A large field barn at Long Shaw near Bainbridge may be beautiful and large enough for a family home but converting it would be against policy the planning committee of the Yorkshire Dales National Park Authority (YDNPA) decided by an eight to seven vote at its March meeting.
Edward Scarr told the meeting that it would make a suitable family home given its location on the family farm.
“It would be ideal for my work. We have four young children under the age of six and want to convert the barn into a family home.”
He said that he and his wife, Gwen, had always lived and worked in Wensleydale and converting the barn would enable them to raise their family on the farm. Mrs Scarr attended the meeting with their daughter Faye who was born in late February.
They heard several committee members speak in support of the planning officer who had stated that the YDNPA’s policy required that to be suitable for conversion a barn had to be in an existing settlement or building group, or be close to or adjoining a road.
He reported that the barn at Long Shaw was 110 metres from a road and would require a long track to be created and a significant length of walling to be moved to provide access to a road. He added:
“Although the proposed works to the barn are relatively well designed, it is in a very prominent and exposed position in the landscape.
“Its conversion to a permanently occupied dwelling would have a negative effect on the landscape that arises from the replacement of a simple, unadorned traditional farm building with a dwelling that has car parking, lighting, curtilage development, new access road and significant alterations to the existing roadside walls and the character of the road itself.”
Julie Martin agreed that this would be an intensive use of the barn which would have an impact upon the landscape.
“It has been demonstrated there is a need but not at that location. The applicant has been asked to explore an alternative option,” she said.
Mr and Mrs Scarr had been told that, as it was accepted there wasn’t sufficient housing at the farm for the required number of agricultural workers, it was possible that an application for a new build dwelling at Yorescott Steading, where the ewes were lambed, would be acceptable.
To this North Yorkshire County councillor John Blackie remarked that a new build might have more impact upon the landscape than a sympathetically converted barn.
Another North Yorkshire County councillor, Richard Welch, pointed out that many farmhouses were far from a road.
“In ten years time you wouldn’t know it was a barn conversion,” he said.
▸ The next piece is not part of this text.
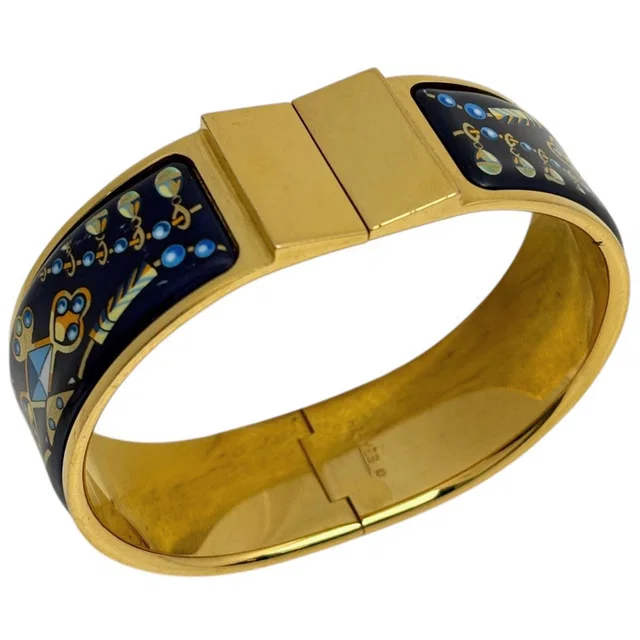 Hermès Enamel GM Location Cloisonne Bangle Gold Plated Blue Bracelet in Blue from The Reluxe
Eden District councillor William Patterson agreed and asked if the YDNPA was going to pay for the upkeep of such buildings in the future – or would the owners be expected to keep them up as a national asset?
He and others were concerned that if it was no longer needed for agricultural purposes and was not converted into the dwelling it would fall into disrepair and disappear.
“Is it true that we would rather see a non-designated heritage asset [disappear] when there is a family who wish to make use of it?” asked Lancashire County councillor Cosima Towneley.
“I can not think of a better way of using an agricultural heritage that will otherwise go to waste,” she added.